ConocoPhillips this week released an interim update of its third-quarter market and operating conditions, saying, among other things, that it anticipates crude oil and natural gas production to fall about 7 percent below that of the second quarter, in part because of maintenance to infrastructure in Alaska.
The report, covering the period from July 1 to September 30, said increased output from Bayu-Undan in the Timor Sea was expected to be more than offset by the impact of Alaska and North Sea scheduled maintenance, as well as that caused by normal seasonal declines.
The company still expects full-year production worldwide to reach approximately 1.56 million barrels-of-oil-equivalent per day, including syncrude.
The interim report came with a proviso, however, warning that market indicators and company estimates might differ from actual results to be reported on Oct. 27.
The company noted higher worldwide crude oil prices and lower U.S. natural gas prices.

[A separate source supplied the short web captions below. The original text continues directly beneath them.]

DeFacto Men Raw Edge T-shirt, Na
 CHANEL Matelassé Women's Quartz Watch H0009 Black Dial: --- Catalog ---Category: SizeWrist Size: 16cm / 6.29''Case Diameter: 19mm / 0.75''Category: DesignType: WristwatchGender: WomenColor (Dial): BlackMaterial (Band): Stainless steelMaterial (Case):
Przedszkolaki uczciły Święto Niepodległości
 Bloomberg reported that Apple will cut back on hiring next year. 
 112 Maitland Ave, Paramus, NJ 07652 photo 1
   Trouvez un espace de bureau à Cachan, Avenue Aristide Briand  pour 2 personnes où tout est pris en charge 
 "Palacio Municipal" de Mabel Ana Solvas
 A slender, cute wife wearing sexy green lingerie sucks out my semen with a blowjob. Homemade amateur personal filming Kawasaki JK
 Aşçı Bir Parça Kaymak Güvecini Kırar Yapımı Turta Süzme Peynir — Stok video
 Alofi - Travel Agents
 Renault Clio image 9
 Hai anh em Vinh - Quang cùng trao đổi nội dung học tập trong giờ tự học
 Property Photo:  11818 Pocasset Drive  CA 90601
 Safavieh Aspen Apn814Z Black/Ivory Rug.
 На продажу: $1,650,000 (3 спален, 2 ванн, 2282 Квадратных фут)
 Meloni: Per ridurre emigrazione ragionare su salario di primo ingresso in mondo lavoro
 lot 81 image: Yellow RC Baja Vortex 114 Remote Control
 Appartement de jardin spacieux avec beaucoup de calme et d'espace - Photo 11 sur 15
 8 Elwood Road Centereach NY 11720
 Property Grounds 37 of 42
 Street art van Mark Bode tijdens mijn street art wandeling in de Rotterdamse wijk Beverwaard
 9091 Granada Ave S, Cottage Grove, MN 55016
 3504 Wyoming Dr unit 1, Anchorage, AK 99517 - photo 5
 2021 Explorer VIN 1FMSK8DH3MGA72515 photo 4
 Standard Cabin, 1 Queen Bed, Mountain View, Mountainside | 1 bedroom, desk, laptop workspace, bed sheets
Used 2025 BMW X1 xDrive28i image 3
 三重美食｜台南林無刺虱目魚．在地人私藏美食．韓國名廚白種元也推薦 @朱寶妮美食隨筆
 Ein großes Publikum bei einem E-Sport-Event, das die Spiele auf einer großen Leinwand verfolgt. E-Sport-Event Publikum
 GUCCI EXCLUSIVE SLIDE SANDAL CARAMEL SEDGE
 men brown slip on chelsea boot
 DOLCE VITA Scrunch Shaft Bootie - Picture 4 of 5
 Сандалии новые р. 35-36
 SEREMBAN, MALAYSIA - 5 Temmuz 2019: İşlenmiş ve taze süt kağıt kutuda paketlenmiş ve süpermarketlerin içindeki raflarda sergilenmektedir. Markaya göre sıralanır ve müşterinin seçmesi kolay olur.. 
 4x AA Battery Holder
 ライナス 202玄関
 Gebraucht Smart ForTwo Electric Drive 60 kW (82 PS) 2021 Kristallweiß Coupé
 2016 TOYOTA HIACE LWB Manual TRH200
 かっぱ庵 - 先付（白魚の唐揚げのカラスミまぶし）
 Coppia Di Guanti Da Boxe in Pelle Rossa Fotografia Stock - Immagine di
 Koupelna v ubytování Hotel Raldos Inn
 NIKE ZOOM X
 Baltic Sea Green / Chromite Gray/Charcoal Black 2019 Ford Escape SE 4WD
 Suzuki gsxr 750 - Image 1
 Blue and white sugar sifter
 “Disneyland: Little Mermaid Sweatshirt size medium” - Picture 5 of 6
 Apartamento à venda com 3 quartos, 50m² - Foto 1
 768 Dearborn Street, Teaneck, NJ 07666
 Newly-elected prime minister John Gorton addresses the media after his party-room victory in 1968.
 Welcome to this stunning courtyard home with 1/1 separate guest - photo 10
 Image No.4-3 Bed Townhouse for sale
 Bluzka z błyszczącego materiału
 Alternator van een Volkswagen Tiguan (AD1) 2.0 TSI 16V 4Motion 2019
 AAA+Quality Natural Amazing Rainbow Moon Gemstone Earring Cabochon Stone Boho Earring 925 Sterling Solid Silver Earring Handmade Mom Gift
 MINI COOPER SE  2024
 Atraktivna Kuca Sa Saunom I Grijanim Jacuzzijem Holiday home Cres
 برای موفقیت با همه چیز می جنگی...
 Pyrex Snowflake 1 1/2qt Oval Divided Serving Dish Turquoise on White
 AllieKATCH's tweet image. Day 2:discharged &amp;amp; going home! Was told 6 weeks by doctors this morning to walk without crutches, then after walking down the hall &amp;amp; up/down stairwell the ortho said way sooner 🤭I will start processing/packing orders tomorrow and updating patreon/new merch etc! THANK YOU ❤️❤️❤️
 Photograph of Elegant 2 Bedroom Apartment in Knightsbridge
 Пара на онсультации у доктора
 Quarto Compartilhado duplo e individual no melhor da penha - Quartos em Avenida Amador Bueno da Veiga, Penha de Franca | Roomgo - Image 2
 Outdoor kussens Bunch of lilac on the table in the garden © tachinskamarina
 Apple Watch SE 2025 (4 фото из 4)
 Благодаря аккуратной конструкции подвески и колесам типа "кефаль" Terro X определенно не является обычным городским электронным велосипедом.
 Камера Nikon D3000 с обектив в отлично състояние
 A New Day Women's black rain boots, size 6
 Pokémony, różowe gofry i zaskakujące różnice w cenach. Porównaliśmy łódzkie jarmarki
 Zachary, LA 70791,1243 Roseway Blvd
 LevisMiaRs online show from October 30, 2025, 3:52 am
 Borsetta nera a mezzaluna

For instance, average third-quarter crude oil prices came in between $41.54 and $43.86 a barrel depending on the market indicators measured, up from between $35.36 and $38.31 in the second quarter. The indicators included Dated Brent (a measure of European crude prices), West Texas Intermediate and Alaska North Slope U.S. West Coast (crude going south from Alaska via tankers).
The oil prices do not reflect the very recent sharp rise in crude oil prices that have seen per-barrel costs jump to around $50.
Meanwhile, the Henry Hub (a gas price market indicator) saw average prices fall from about $6 per thousand cubic feet to $5.75/mcf during the quarter.
ConocoPhillips also said its debt balance was expected to be $15.5 billion and its cash balance approximately $3 billion.
ConocoPhillips Alaska, the company's local presence, is the state's number one oil and gas producer.